**TASK DESCRIPTION:** Your answer should consist solely of the lines from the first line of the data through the line with "Tapis De Souris Lotus Feuilles (Devant)", each reproduced exactly.

**THE RECORDS:**
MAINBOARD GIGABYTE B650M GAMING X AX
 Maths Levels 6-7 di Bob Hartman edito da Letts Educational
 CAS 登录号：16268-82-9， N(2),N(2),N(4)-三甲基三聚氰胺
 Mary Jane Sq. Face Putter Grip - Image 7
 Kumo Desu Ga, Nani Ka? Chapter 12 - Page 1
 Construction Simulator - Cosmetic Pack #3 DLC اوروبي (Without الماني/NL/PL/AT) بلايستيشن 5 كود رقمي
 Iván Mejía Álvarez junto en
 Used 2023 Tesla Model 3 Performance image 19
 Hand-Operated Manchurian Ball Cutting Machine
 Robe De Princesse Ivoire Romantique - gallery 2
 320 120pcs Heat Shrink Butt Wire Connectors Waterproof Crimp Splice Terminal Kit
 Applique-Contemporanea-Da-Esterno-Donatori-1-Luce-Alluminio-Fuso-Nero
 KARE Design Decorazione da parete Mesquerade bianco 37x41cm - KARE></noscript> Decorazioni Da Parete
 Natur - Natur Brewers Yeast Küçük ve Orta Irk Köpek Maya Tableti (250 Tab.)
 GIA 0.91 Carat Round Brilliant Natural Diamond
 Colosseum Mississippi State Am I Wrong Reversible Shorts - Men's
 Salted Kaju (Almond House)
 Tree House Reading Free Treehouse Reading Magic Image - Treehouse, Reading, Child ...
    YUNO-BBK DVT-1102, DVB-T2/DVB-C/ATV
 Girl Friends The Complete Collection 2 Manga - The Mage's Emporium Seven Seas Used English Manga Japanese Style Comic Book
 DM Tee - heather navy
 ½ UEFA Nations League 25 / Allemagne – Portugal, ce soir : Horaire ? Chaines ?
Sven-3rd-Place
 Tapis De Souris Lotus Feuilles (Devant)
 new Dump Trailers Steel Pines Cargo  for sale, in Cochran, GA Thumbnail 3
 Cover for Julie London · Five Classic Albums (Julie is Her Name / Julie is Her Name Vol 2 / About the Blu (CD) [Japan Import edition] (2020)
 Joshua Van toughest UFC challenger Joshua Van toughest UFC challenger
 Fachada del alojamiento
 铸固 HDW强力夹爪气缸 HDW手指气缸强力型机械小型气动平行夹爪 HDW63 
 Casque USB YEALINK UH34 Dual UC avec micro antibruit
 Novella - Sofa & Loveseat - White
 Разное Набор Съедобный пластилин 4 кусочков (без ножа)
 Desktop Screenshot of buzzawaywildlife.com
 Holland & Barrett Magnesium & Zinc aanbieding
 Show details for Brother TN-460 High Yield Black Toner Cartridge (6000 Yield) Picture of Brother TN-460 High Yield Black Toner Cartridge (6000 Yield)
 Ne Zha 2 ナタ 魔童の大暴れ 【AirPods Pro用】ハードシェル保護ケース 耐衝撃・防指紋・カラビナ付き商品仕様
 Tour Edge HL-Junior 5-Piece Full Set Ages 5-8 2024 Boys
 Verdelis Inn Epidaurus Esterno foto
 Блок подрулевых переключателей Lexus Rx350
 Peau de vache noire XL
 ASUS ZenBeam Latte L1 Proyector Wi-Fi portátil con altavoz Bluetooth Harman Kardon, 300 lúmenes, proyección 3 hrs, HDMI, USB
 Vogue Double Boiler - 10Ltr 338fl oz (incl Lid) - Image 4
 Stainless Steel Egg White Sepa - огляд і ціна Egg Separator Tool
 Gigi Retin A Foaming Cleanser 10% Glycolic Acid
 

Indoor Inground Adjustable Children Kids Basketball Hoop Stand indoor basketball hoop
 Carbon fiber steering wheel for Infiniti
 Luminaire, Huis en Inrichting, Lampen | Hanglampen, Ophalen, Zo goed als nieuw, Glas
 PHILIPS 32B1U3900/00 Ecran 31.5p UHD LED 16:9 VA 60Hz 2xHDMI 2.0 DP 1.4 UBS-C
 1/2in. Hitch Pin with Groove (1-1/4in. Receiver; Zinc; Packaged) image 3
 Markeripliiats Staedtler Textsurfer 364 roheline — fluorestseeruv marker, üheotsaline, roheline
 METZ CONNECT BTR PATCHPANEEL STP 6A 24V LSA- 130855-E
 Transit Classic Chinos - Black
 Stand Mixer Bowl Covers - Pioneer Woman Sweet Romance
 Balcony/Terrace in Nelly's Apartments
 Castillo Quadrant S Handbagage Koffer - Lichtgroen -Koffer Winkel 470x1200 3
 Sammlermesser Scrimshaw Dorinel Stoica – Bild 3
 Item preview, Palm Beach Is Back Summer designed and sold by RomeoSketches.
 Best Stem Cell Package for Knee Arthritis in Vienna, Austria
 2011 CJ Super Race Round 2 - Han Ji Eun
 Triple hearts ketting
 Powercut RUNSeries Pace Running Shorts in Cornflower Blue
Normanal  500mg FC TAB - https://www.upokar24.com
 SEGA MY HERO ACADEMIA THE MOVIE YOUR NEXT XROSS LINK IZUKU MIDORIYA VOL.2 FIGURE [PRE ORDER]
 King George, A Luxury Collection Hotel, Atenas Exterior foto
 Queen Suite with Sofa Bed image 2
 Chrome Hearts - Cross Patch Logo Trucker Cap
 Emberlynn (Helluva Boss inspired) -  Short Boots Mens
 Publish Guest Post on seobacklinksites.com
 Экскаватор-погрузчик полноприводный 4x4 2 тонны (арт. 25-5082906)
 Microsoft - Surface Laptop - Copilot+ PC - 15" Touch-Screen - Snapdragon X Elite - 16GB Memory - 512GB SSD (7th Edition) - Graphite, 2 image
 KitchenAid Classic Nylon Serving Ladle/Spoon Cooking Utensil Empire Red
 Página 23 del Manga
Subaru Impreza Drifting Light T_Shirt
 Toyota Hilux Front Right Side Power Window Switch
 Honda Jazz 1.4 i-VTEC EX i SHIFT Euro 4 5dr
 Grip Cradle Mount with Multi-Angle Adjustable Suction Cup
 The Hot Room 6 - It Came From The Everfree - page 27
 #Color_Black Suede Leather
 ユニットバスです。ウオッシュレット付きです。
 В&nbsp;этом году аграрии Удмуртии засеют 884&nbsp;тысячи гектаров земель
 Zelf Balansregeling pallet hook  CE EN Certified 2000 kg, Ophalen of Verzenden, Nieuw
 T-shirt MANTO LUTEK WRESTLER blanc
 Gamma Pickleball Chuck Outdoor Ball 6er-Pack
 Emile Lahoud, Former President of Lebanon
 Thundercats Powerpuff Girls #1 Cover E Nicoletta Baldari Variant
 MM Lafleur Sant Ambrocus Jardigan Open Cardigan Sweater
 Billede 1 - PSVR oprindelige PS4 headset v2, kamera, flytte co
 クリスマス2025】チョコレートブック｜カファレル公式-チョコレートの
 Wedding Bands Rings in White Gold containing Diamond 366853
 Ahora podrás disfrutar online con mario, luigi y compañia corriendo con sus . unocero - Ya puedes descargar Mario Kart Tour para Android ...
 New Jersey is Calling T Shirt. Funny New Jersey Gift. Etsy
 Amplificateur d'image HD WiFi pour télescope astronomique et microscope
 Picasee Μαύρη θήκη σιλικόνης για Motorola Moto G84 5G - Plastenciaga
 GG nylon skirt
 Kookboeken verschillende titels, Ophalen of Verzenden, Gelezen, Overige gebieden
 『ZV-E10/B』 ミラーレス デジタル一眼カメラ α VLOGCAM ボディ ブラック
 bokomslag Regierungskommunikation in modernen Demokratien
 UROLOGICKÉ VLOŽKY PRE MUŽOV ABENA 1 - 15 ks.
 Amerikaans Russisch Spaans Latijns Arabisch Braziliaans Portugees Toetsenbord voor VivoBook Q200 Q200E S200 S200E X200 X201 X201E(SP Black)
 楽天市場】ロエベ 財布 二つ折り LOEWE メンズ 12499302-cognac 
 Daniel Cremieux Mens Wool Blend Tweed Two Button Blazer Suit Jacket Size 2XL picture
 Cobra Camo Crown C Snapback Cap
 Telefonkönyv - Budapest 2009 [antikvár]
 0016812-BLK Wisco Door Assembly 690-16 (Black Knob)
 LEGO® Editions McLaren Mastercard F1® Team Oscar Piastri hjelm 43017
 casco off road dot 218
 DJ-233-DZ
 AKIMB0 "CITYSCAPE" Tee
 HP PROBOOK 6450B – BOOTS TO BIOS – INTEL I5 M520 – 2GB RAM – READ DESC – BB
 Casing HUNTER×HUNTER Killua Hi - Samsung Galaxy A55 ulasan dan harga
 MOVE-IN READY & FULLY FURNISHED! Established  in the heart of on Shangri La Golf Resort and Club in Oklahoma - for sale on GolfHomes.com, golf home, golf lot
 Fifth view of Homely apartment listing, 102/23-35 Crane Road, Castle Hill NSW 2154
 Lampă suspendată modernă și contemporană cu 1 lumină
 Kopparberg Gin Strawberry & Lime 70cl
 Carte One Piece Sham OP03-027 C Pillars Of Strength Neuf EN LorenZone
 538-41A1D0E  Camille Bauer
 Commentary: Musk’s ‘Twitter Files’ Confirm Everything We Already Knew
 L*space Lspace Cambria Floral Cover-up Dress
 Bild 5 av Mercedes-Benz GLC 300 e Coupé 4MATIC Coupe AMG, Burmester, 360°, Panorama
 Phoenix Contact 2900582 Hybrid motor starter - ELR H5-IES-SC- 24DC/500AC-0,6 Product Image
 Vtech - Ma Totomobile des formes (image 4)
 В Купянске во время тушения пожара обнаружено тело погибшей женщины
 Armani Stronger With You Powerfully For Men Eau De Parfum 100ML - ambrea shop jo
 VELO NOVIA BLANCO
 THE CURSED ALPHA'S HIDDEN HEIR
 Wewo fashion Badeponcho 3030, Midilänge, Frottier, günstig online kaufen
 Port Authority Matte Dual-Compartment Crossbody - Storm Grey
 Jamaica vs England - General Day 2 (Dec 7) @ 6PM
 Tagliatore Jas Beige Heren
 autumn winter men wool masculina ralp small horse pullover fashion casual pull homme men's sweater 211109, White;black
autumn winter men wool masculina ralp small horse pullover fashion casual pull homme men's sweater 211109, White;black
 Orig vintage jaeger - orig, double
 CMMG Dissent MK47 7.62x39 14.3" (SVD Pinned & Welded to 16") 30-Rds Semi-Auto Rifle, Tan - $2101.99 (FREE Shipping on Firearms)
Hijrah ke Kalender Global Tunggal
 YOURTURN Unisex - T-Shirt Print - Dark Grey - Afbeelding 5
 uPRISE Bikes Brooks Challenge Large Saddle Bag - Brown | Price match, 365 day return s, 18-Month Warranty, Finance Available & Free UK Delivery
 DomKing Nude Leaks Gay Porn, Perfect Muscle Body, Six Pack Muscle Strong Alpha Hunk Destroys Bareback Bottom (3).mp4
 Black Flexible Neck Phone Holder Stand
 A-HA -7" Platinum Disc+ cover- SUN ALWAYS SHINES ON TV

**EXERCISE RESPONSE:**
MAINBOARD GIGABYTE B650M GAMING X AX
 Maths Levels 6-7 di Bob Hartman edito da Letts Educational
 CAS 登录号：16268-82-9， N(2),N(2),N(4)-三甲基三聚氰胺
 Mary Jane Sq. Face Putter Grip - Image 7
 Kumo Desu Ga, Nani Ka? Chapter 12 - Page 1
 Construction Simulator - Cosmetic Pack #3 DLC اوروبي (Without الماني/NL/PL/AT) بلايستيشن 5 كود رقمي
 Iván Mejía Álvarez junto en
 Used 2023 Tesla Model 3 Performance image 19
 Hand-Operated Manchurian Ball Cutting Machine
 Robe De Princesse Ivoire Romantique - gallery 2
 320 120pcs Heat Shrink Butt Wire Connectors Waterproof Crimp Splice Terminal Kit
 Applique-Contemporanea-Da-Esterno-Donatori-1-Luce-Alluminio-Fuso-Nero
 KARE Design Decorazione da parete Mesquerade bianco 37x41cm - KARE></noscript> Decorazioni Da Parete
 Natur - Natur Brewers Yeast Küçük ve Orta Irk Köpek Maya Tableti (250 Tab.)
 GIA 0.91 Carat Round Brilliant Natural Diamond
 Colosseum Mississippi State Am I Wrong Reversible Shorts - Men's
 Salted Kaju (Almond House)
 Tree House Reading Free Treehouse Reading Magic Image - Treehouse, Reading, Child ...
    YUNO-BBK DVT-1102, DVB-T2/DVB-C/ATV
 Girl Friends The Complete Collection 2 Manga - The Mage's Emporium Seven Seas Used English Manga Japanese Style Comic Book
 DM Tee - heather navy
 ½ UEFA Nations League 25 / Allemagne – Portugal, ce soir : Horaire ? Chaines ?
Sven-3rd-Place
 Tapis De Souris Lotus Feuilles (Devant)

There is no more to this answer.